# how to integrate cubecart with paypal?



## jbe99ag (Jul 26, 2007)

I know pretty much nothing about coding or scripting and I need some help getting my website over the last few humps to where it funcions to sell shirts.

Here's where I stand. I set up my website through hostgator. I built my shopping cart page through cube cart and paid for the "express checkout" mod to be added. I got registered for a paypal account that is linked to my business checking account. 

Now all I need (i think) is to be able to link my paypal thing to my cubecart. I also want to give the buyer the option to pay by credit card and not have paypal as the only option of payment. I'd also kind of like my website to flow differently to where you don't have to go to a "store" page to buy the shirt but allow them to buy the shirts off the front page, but it might be too late to fix that. Not sure.

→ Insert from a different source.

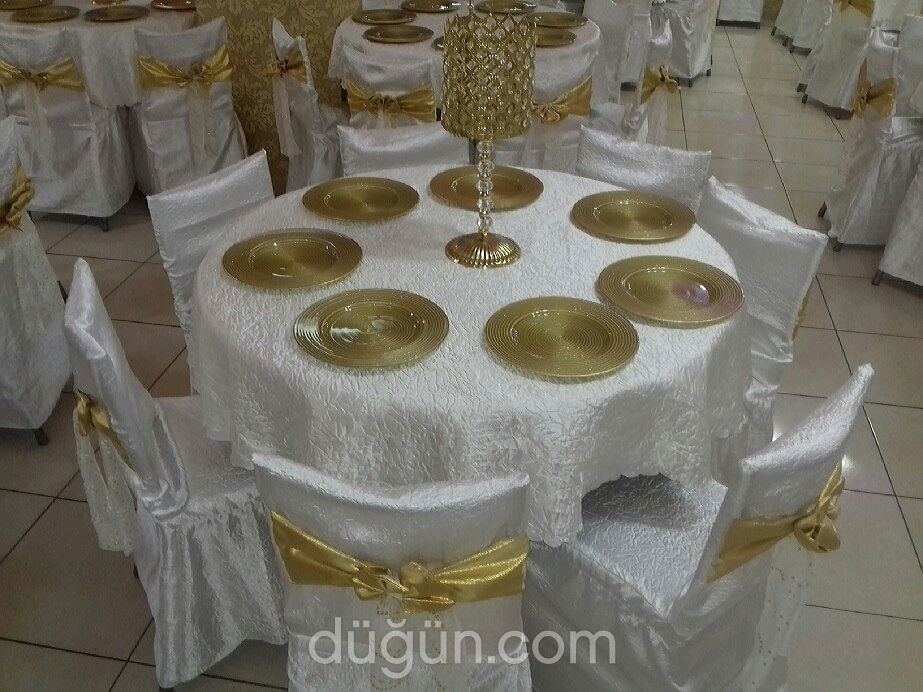 Gül Düğün Salonu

Like I said, the directions on paypal for how add paypal checkout to your 3rd party shopping cart are WAY over my head. Is there anybody here I could pay to put the finishing touches on my site and get it functioning for me? Or is it easy enough to give me step by step directions on what to do from here?

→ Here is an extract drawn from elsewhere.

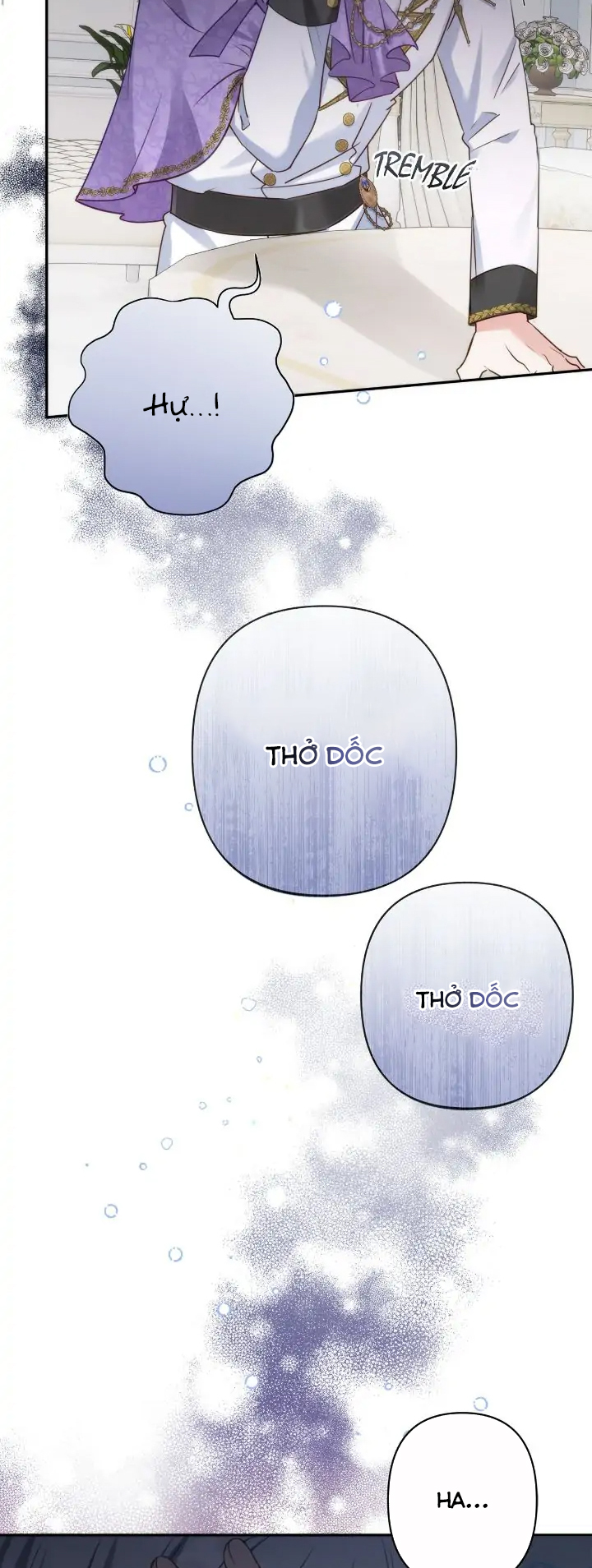 sống cùng với mẹ chồng chapter 41 11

http://www.theblocktee.com


----------



## majesticmind (Sep 1, 2007)

*Re: Need help putting the final touches on my webiste - please help*

If you already did all that you must know something about it. Best to let somebody do it than to take a step by step. You can also copy and paste your code onto many websites, and forums where the members will be more than happy to show you exactly what you need to change in the code to produce the desired effect. And they will show you for FREE. Just like the members here dont charge to help eachother. I cant think of any of the forum names off the top of my head , but if you search around you will find one.


----------



## jbe99ag (Jul 26, 2007)

*Re: Need help putting the final touches on my webiste - please help*

Thanks for being optimistic!  But really, I don't even know where to find the code that I'm supposed to change. All of the techical stuff that I've had to do so far has been done by me by the provider. But now I'm to this last step with no help and really don't know what I'm doing. 

Really, if I can just get paypal added to my site, it would be able to atleast function until I can figure out how to also have the ability to do credit cards.


----------



## majesticmind (Sep 1, 2007)

*Re: Need help putting the final touches on my webiste - please help*



jbe99ag said:


> Thanks for being optimistic!  But really, I don't even know where to find the code that I'm supposed to change. All of the techical stuff that I've had to do so far has been done by me by the provider. But now I'm to this last step with no help and really don't know what I'm doing.
> 
> Really, if I can just get paypal added to my site, it would be able to atleast function until I can figure out how to also have the ability to do credit cards.


Seriously , there are forums just like this one that are waiting for that kind of challenge. Copy and paste all the scrit in your website to one of these forums and members will copy it to their editor program and tweak it for you for free and then repost it with the right changes made to it . Then you just copy and paste it back into your website with the upgraded code.


----------



## jbe99ag (Jul 26, 2007)

*Re: Need help putting the final touches on my webiste - please help*

Well if somebody here can help me....what I'm trying to do is get the paypal "website payments standard" attached to the store I've already set up with cubecart. Can anybody do it for me or walk me through it? 

If I'm understanding this paypal stuff right, this is the page that "explains" what I need to do.

https://www.paypal.com/us/cgi-bin/webscr?cmd=_wp-standard-ref-impl1b


----------



## graffitiman60000 (Jan 5, 2007)

*Re: Need help putting the final touches on my webiste - please help*

try cc3.biz they have mods for cube cart , they can do pay pal in cube cart i have cube cart and i had them work on my pay pal , they know what they are doing but they do stay busy .


----------



## Rodney (Nov 3, 2004)

*Re: Need help putting the final touches on my webiste - please help*



jbe99ag said:


> Well if somebody here can help me....what I'm trying to do is get the paypal "website payments standard" attached to the store I've already set up with cubecart. Can anybody do it for me or walk me through it?
> 
> If I'm understanding this paypal stuff right, this is the page that "explains" what I need to do.
> 
> https://www.paypal.com/us/cgi-bin/webscr?cmd=_wp-standard-ref-impl1b


Have you checked the cubecart documentation? 

That's where you should start instead of PayPal, since you are using cubecart for the shopping cart.

*Here's a tip: *I typed in: *cubecart paypal* into google and I found a few handy tutorials. Like this one: CubeCart Tutorial: Cube cart and PayPal

I also found this tutorial in the cubecart forums: PayPal IPN Setup Instructions - CubeCart

This video in the cubecart help section should also help: cubecart_admin_payment


----------